But it’s the darn edge cases that are troublesome. You can see a seam in the cylinder at right, where it was cut for UV mapping; and there are similar discontinuities in the block at left (somewhat harder to see because I moved the mouse more and continued painting onto the next surface). Same problem where the block and cylinder meet with the ground.

I’m no longer certain that ray-casts are really the way to go. In Splatoon, most (maybe all?) weapons shoot blobs of paint that arc out of your gun, and splatter sometime later. They’re certainly not ray-casting from the camera or player. They might be ray-casting from their own position as they move forward each frame, but it’s just as likely they’re doing a sphere sweep.

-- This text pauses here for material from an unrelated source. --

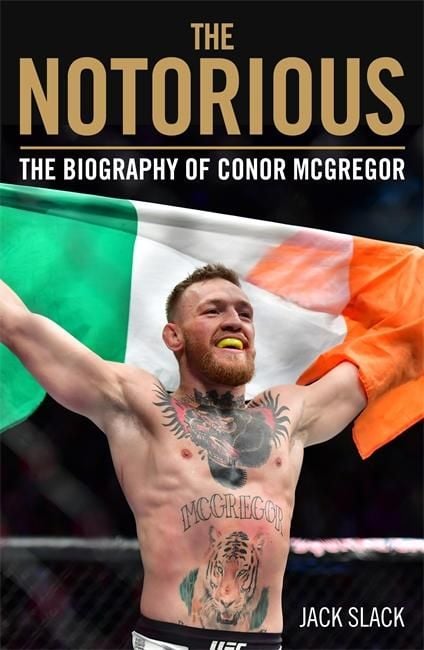 Produktbild: Notorious - The Life and Fights of Conor McGregor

So, maybe a better way to think of this is as a sphere collision test. You could even drill down to individual triangles, painting appropriately-sized blobs of color on each triangle according to how they intercept the sphere. Unity doesn’t provide such detailed collision info, but sphere/triangle intersection is pretty easy.

On the other hand, maybe I’m still approaching this the hard way.

Hmm this thread got me thinking.
I never thought about how this could be done, but if you guys are open for another idea…

What about re-meshing the entire scene, just like the nav-mesh does with its voxelizer?
You’d have essentially twice the vertices for the level, which would be pretty bad. A decimate filter like in blender could help… maybe, but it would still be pretty bad.

As for raycasting, maybe they have some system that’s heavily optimized for the game where they can indeed correctly identify all vertices in a given sphere and how to paint them. Then render every object in the level with a “paintable shader” that just blends between normal and the ink.

I wont be able to use fancy terminology here but give an idea of how I think it is handled.

What I believe they do is a liquid system(aka Particle system) that is coded to stick where it lands. after it does the initial splat animation it then becomes a object that can be interacted with (like swimming threw it)

I doubt thats what they do.
That would be a decal system. It would work (with a shader that maps in world coordinates), but imagine how many objects - and therefore drawcalls - that would cause.

Also it would have the same problems as what we already have. (no support for edges or when a wall meets a floor…)

No, there is no texture. You’re writing into the mesh.

So what? Verts are cheap. Your paintable mesh doesn’t have to be your collision mesh.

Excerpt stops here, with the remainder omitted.